Channel surfing

TV or not TV? In this case, it’s definitely TV.

Any of yis care to weigh in with a recommendation for a new TV that’s not insane?

I’m hunting one for the mom-in-law, who needs it for the new digs. Nothing huge, probably a 43-incher or under, and preferably a model with easily navigated menus and a remote that doesn’t look like the dashboard of the Millennium Falcon. Just your basic Ralph Spoilsport model, a personal remote-controlled, picture-sized color TV, with matching brass knobs, the kind where you reach above the bar and press the button right there under the handy laminated imitation-masonite Wild West gun rack with the look of real wood, for the channel of your choice.

We’re dealing with the elderly and feeble-minded here, which is to say me, a guy who hasn’t set up a new TV in the better part of quite some time.

Thanks for the insurrection, and now back to our morning concert of afternoon showtime favorites — the Magic Bowl movement from Symphony in C Minus by Johann Amadeus Matetsky.

Keep on the sunny side

We’ll go honky-tonkin’ ’round this town.

Anyone besides Charlie Pierce and me digging the latest Ken Burns documentary, “Country Music,” on PBS?

I’ve watched the first three episodes and my toes have been tapping throughout.

I didn’t grow up on country music, though the old man was from Florida by way of Louisiana and mom was out of Iowa. They were into crooners like Frank Sinatra and big bands like Glenn Miller and His Orchestra.

Country got me as a hippie, of all things, when the Nitty Gritty Dirt Band, Flying Burrito Brothers, New Riders of the Purple Sage, Commander Cody and His Lost Planet Airmen, and other alt-country groups were ascendant.

Those dudes get their due in Episode 6, and I can’t wait. Yeeeeeeehawwww, etc.

The doors of perception

The’ hell is that? Jon Snow lopping the noggins off wights? The Night King riding Viserion to battle like Robert Duvall in a Huey? Melisandre lighting it up? Nope. Just Maester O’Grady taking a picture of his TV in the dark.

And now, for something completely different. …

If you thought Sunday’s epic battle between the dead and living seemed a little, well, dark, even for “Game of Thrones,” you’re not alone. But before you dash out to buy a new TV, attend ye to the wisdom of Maester Devin Coldewey at TechCrunch (h/t Jason Snell at Six Colors).

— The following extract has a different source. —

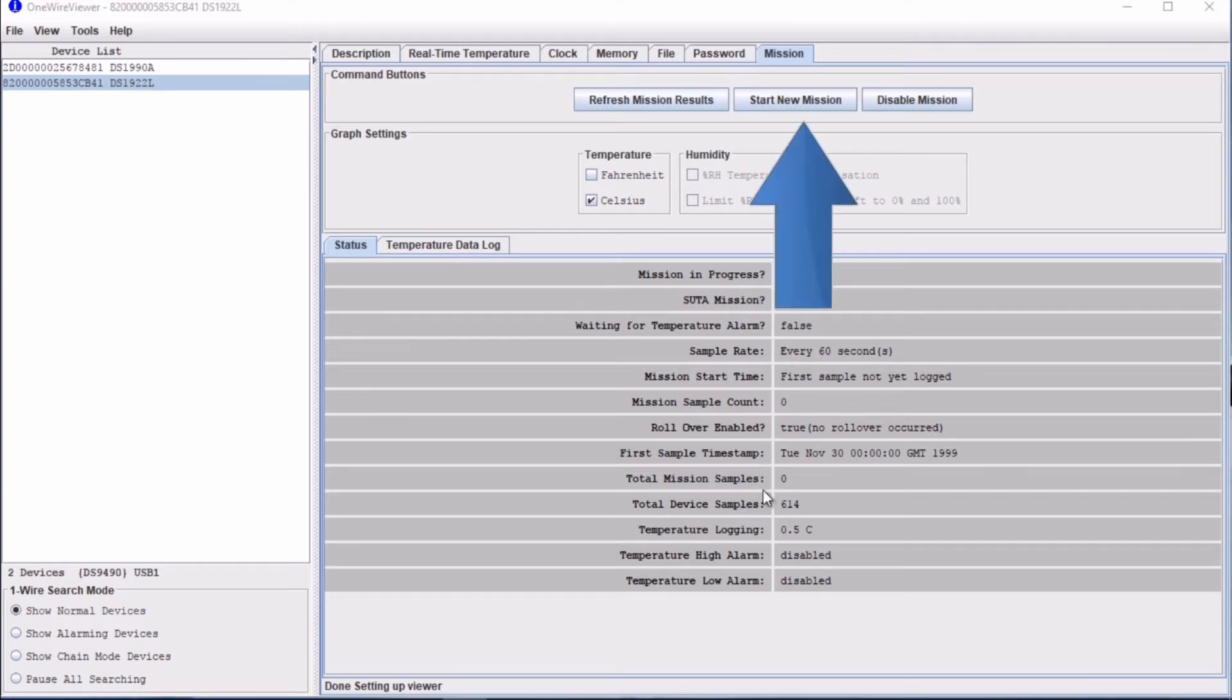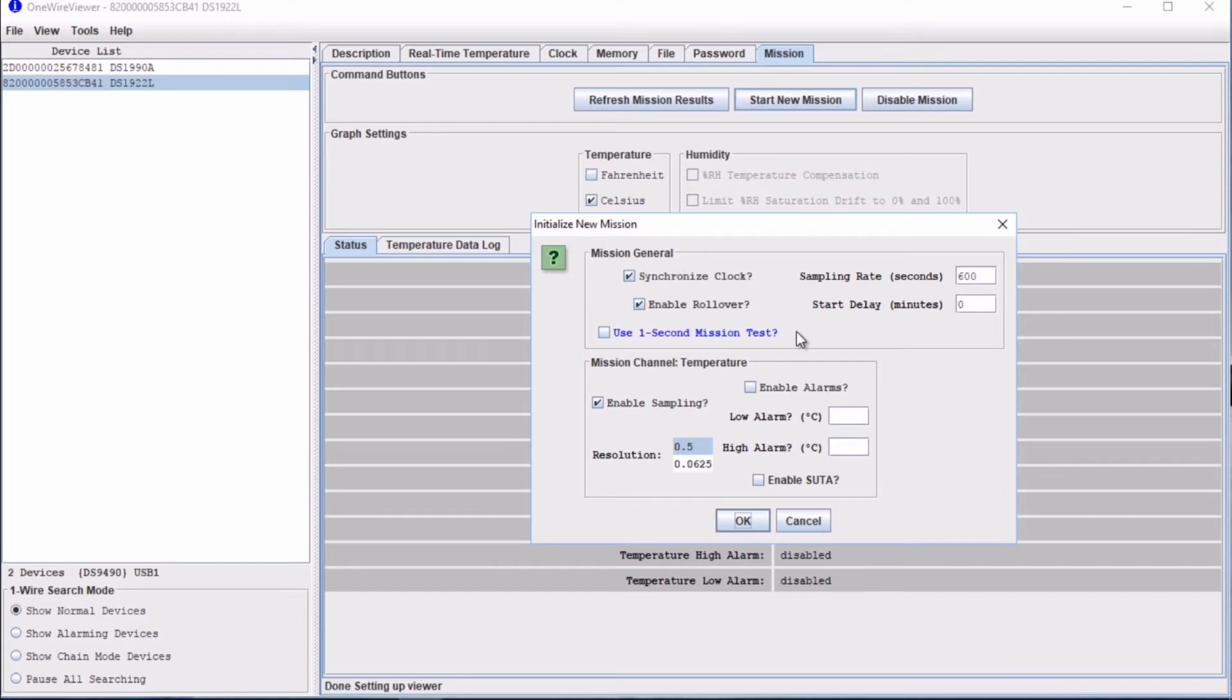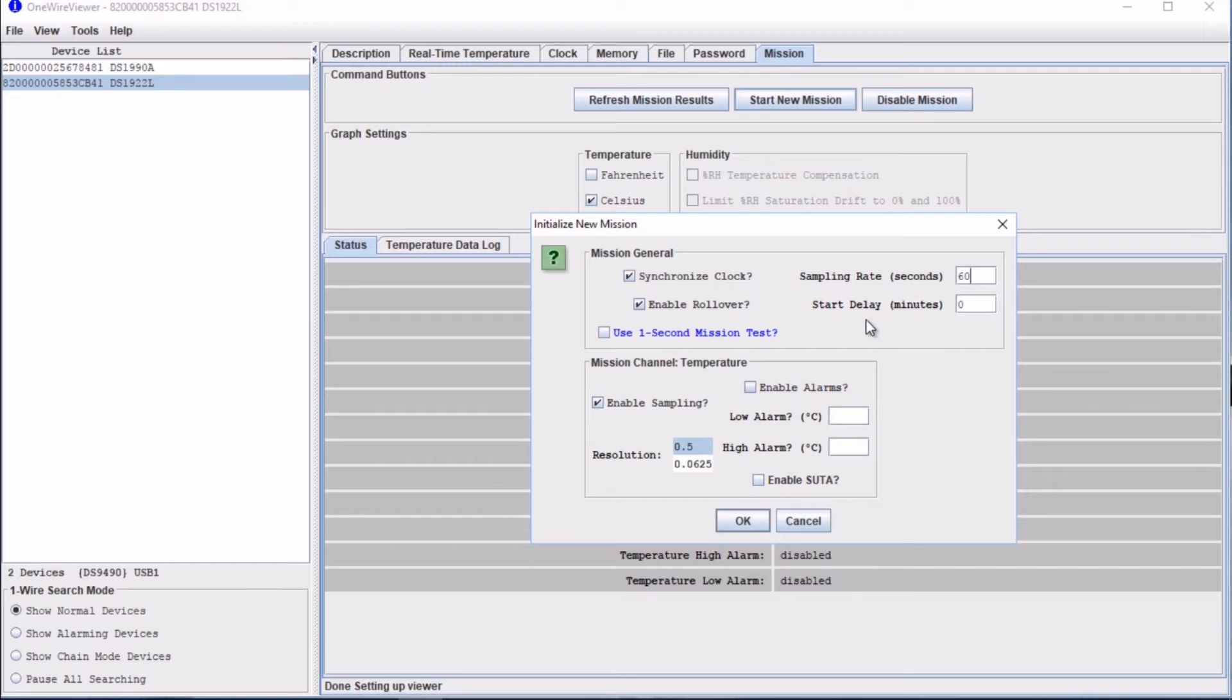To start a mission, we click Start New Mission up here. This window pops up where we have to fill in our desired parameters. These include sampling rate. We will take a measurement every 60 seconds. We won't create a start delay or temperature alarm, but we can see here that these functions are also possible. There are other boxes here which you must decide whether or not to tick.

Speaking of the walking dead, Matthew Butterick (h/t John Gruber at Daring Fireballhas a few words to say over the lumbering carcasses of the typographical foot soldiers employed so far by the Democratic candidates for president. The lede? It kills:

“You cannot bore people into buying your product,” according to David Ogilvy. So true. Nevertheless, election season arrives, and radical boredom inevitably becomes the preferred strategy for most candidates. Let’s have a look at the typography anyhow.

And yes, today’s headline is drawn from William Blake via Aldous Huxley and Jim Morrison.

Oscar Mayer’d again

Lights, camera, inaction!

Well, I see there’s still space on my shelf for that Oscar. Also, for the Emmy, Reuben, Pulitzer, Peabody, MacArthur Fellowship, Nobel, etc., et al., and so on and so forth.

I’ve seen just one of the Academy’s picks — “Black Panther,” which like “Wonder Woman” drew raves but to me seemed like just another superhero movie. As a comics fiend I appreciated that genre for a while, but I’m finally over it. You can paint it black or pink, but it’s still basically what Herself calls “punch porn.” Another franchise, like Mickey D’s, with about as much nutritional value.

Now, TV, that’s the thing. There’s some great stuff happening on the small screen, which these days seems bigger than the one down at the multiplex. A favorite around here is “High Maintenance.” On the surface, it’s about a bicycling weed dealer and his clientele, but there’s plenty of depth to the thing. It’s like peeking into random windows as you stroll down an unfamiliar street.

Still, there are some movies worth watching. And one of them has its roots in a TV show. We checked out the 2018 documentary “Won’t You Be My Neighbor?” this weekend and it was surprisingly revelatory and touching.

I wasn’t a “Mister Rogers’ Neighborhood” kid. “Captain Kangaroo” was my guy. I knew Mister Rogers primarily through the various sendups on “Saturday Night Live,” National Lampoon’s “That’s Not Funny, That’s Sick,” etc.

But Fred Rogers comes off looking like much more than a punchline — he seems like a thoughtful gent whose own childhood was not all that rosy and who came to believe that children’s TV had a higher calling than selling toys.